**Items listed in a dataset**
......
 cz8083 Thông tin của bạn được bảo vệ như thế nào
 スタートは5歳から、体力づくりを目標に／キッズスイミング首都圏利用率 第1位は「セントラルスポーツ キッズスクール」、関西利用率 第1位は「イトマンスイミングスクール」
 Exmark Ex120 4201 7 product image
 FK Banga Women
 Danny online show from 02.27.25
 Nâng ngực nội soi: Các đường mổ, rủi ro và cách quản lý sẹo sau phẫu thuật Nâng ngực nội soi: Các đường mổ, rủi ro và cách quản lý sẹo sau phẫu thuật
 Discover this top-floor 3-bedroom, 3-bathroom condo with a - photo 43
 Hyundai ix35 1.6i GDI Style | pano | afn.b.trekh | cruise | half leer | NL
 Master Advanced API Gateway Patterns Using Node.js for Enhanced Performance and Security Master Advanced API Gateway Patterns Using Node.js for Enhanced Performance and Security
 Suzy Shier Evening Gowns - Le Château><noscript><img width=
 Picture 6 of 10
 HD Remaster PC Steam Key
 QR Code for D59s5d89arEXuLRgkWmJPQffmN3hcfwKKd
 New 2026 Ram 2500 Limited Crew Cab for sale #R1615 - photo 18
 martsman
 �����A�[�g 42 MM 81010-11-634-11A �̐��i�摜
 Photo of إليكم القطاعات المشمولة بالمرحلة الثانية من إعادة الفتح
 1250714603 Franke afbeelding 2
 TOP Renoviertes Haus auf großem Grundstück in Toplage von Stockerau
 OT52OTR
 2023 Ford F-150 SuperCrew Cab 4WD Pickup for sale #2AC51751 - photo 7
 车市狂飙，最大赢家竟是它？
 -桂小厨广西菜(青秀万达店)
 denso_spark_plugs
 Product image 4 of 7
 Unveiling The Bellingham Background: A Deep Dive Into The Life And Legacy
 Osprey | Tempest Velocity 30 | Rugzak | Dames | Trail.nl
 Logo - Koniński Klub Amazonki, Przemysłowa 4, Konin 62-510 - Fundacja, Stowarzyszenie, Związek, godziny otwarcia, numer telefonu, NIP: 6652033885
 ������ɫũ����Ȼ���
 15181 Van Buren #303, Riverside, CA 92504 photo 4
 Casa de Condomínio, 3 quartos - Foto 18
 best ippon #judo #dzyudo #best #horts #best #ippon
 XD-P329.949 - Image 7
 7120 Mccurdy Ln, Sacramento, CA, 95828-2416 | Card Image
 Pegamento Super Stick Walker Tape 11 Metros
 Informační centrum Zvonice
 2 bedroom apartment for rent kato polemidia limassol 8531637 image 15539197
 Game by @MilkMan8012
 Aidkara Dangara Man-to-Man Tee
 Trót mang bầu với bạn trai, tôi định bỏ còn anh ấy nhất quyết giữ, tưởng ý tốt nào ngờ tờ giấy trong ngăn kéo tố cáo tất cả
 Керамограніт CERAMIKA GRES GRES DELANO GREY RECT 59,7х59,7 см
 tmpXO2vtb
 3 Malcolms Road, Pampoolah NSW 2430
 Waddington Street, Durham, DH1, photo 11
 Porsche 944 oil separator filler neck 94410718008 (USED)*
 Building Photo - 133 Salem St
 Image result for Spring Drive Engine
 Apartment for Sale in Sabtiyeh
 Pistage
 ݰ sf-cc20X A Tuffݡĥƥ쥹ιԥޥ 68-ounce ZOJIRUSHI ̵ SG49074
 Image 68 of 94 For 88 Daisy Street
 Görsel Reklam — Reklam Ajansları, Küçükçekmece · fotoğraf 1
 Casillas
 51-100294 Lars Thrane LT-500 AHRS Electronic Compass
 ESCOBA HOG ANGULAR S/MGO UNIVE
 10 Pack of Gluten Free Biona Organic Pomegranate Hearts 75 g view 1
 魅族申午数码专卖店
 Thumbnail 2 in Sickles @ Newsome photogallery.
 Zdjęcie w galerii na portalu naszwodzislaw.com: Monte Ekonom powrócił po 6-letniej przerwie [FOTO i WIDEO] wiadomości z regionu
......
**PROBLEM REQUIREMENTS**
Having read the records, return each one exactly.

**SOLUTION FOR THIS EXERCISE**
 cz8083 Thông tin của bạn được bảo vệ như thế nào
 スタートは5歳から、体力づくりを目標に／キッズスイミング首都圏利用率 第1位は「セントラルスポーツ キッズスクール」、関西利用率 第1位は「イトマンスイミングスクール」
 Exmark Ex120 4201 7 product image
 FK Banga Women
 Danny online show from 02.27.25
 Nâng ngực nội soi: Các đường mổ, rủi ro và cách quản lý sẹo sau phẫu thuật Nâng ngực nội soi: Các đường mổ, rủi ro và cách quản lý sẹo sau phẫu thuật
 Discover this top-floor 3-bedroom, 3-bathroom condo with a - photo 43
 Hyundai ix35 1.6i GDI Style | pano | afn.b.trekh | cruise | half leer | NL
 Master Advanced API Gateway Patterns Using Node.js for Enhanced Performance and Security Master Advanced API Gateway Patterns Using Node.js for Enhanced Performance and Security
 Suzy Shier Evening Gowns - Le Château><noscript><img width=
 Picture 6 of 10
 HD Remaster PC Steam Key
 QR Code for D59s5d89arEXuLRgkWmJPQffmN3hcfwKKd
 New 2026 Ram 2500 Limited Crew Cab for sale #R1615 - photo 18
 martsman
 �����A�[�g 42 MM 81010-11-634-11A �̐��i�摜
 Photo of إليكم القطاعات المشمولة بالمرحلة الثانية من إعادة الفتح
 1250714603 Franke afbeelding 2
 TOP Renoviertes Haus auf großem Grundstück in Toplage von Stockerau
 OT52OTR
 2023 Ford F-150 SuperCrew Cab 4WD Pickup for sale #2AC51751 - photo 7
 车市狂飙，最大赢家竟是它？
 -桂小厨广西菜(青秀万达店)
 denso_spark_plugs
 Product image 4 of 7
 Unveiling The Bellingham Background: A Deep Dive Into The Life And Legacy
 Osprey | Tempest Velocity 30 | Rugzak | Dames | Trail.nl
 Logo - Koniński Klub Amazonki, Przemysłowa 4, Konin 62-510 - Fundacja, Stowarzyszenie, Związek, godziny otwarcia, numer telefonu, NIP: 6652033885
 ������ɫũ����Ȼ���
 15181 Van Buren #303, Riverside, CA 92504 photo 4
 Casa de Condomínio, 3 quartos - Foto 18
 best ippon #judo #dzyudo #best #horts #best #ippon
 XD-P329.949 - Image 7
 7120 Mccurdy Ln, Sacramento, CA, 95828-2416 | Card Image
 Pegamento Super Stick Walker Tape 11 Metros
 Informační centrum Zvonice
 2 bedroom apartment for rent kato polemidia limassol 8531637 image 15539197
 Game by @MilkMan8012
 Aidkara Dangara Man-to-Man Tee
 Trót mang bầu với bạn trai, tôi định bỏ còn anh ấy nhất quyết giữ, tưởng ý tốt nào ngờ tờ giấy trong ngăn kéo tố cáo tất cả
 Керамограніт CERAMIKA GRES GRES DELANO GREY RECT 59,7х59,7 см
 tmpXO2vtb
 3 Malcolms Road, Pampoolah NSW 2430
 Waddington Street, Durham, DH1, photo 11
 Porsche 944 oil separator filler neck 94410718008 (USED)*
 Building Photo - 133 Salem St
 Image result for Spring Drive Engine
 Apartment for Sale in Sabtiyeh
 Pistage
 ݰ sf-cc20X A Tuffݡĥƥ쥹ιԥޥ 68-ounce ZOJIRUSHI ̵ SG49074
 Image 68 of 94 For 88 Daisy Street
 Görsel Reklam — Reklam Ajansları, Küçükçekmece · fotoğraf 1
 Casillas
 51-100294 Lars Thrane LT-500 AHRS Electronic Compass
 ESCOBA HOG ANGULAR S/MGO UNIVE
 10 Pack of Gluten Free Biona Organic Pomegranate Hearts 75 g view 1
 魅族申午数码专卖店
 Thumbnail 2 in Sickles @ Newsome photogallery.
 Zdjęcie w galerii na portalu naszwodzislaw.com: Monte Ekonom powrócił po 6-letniej przerwie [FOTO i WIDEO] wiadomości z regionu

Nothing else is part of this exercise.